Jim was smiling when she entered his room. His bed was pushed against the wall in a space that had yesterday held a chair and a small metal dresser. A barrier hid the greater part of the room from her view. She kissed him, then cocked her head toward the curtains. “Bad?”
He nodded. “Not so good to wake up to. There are only three or four, though. This is a newer wing.”
“Ring for the nurse.”
“Not right away. I figured they’d have enough troubles. Besides, I was used to them, being from Merridale.” He smiled. “I just closed my eyes, told myself the boogeymen all over me and in me couldn’t do a blessed thing, and decided to go back to sleep.”
“Did you?”
“I’m not that jaded. Of course not.” They laughed together. Then he sobered and pointed to the TV mounted high on the wall. The picture was on, but the sound was off. “It’s spreading fast, they say. Soon it’ll be everywhere.”
She nodded. “I wonder if that’s good or bad.”
“Bad at first, I guess. The panic, people bashing their cars into telephone poles, maybe killing themselves. But all in all I’m grateful for it. In the long run it could be for the best.”

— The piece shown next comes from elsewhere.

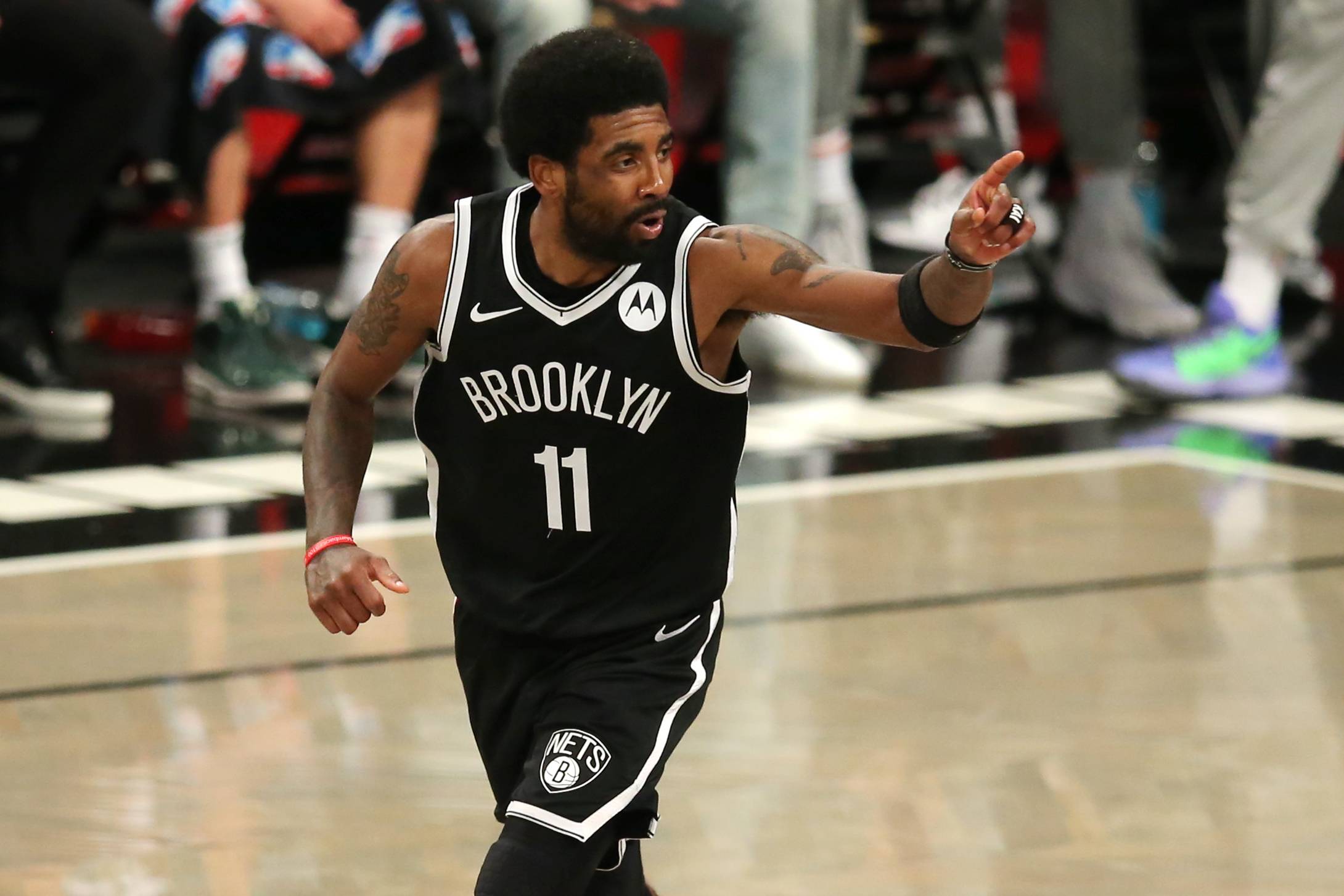 Kyrie irving hotsell nets shirt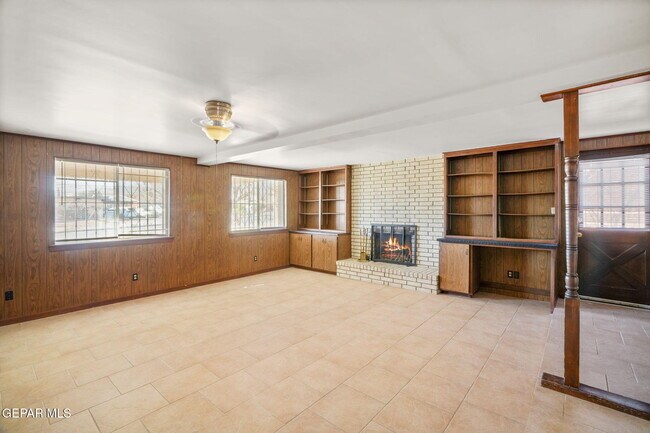 Building Photo - 5313 Bastille Ave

“How is it today?” she asked, taking
his hand.
He looked down at his sheeted stomach. “Not bad. Hurts, but they keep me doped. Last night the doctor said maybe another week.”
“And then?”
“Then Pittsburgh. If they get all the wrecks off the road by then.”
“They will. We’re a very adaptable race.”
“I hope we’re impressionable too. Are you still leaving today?”
She shook her head. “I’d never get back to New York. The trains, the highways,
the tunnels, it’d be hell. I’ll wait a bit.”
“How long?”
“A few days. A week.” Alice shrugged. “There’ll still be shows, movies. People will still want to laugh, and listen to music. Love songs.”
“Stay in the house …”
“We’ll see.”
“… as long as you like.”
“Thank you.” She nodded acceptance, although she already had her things packed and in the trunk of the car. She would find a motel when she left the hospital, and wait for things to cool down. The house on Sundale Road was no longer hers. The decision to end their relationship had truly been a joint one. He no longer needed what she had given him, and her need for what he had provided was gone as well. The phone call she’d received Monday evening had helped her make her decision.
“I won’t … can’t visit you anymore,” she said.
“I’ll miss you.”
“And I’ll miss you,” she half-lied, “but only for a while.”
“Thank you for what you did.”
Alice kissed him on the lips, wanting to end it, wanting to leave before Beth arrived. She had not told him she was coming. She still cared enough about him to not want to see the expectation in his eyes. “Goodbye.”
When she was at the door he said, “I’ll write,” and she responded, “Me too,” and left knowing that neither of them ever would.
On her way out of the building, she passed Beth, recognizing her from a picture Jim had on the piano. Alice did not introduce herself, but only watched as Beth moved through the lobby with a firm yet graceful stride, eyes set only on the path ahead, the dead past forgotten.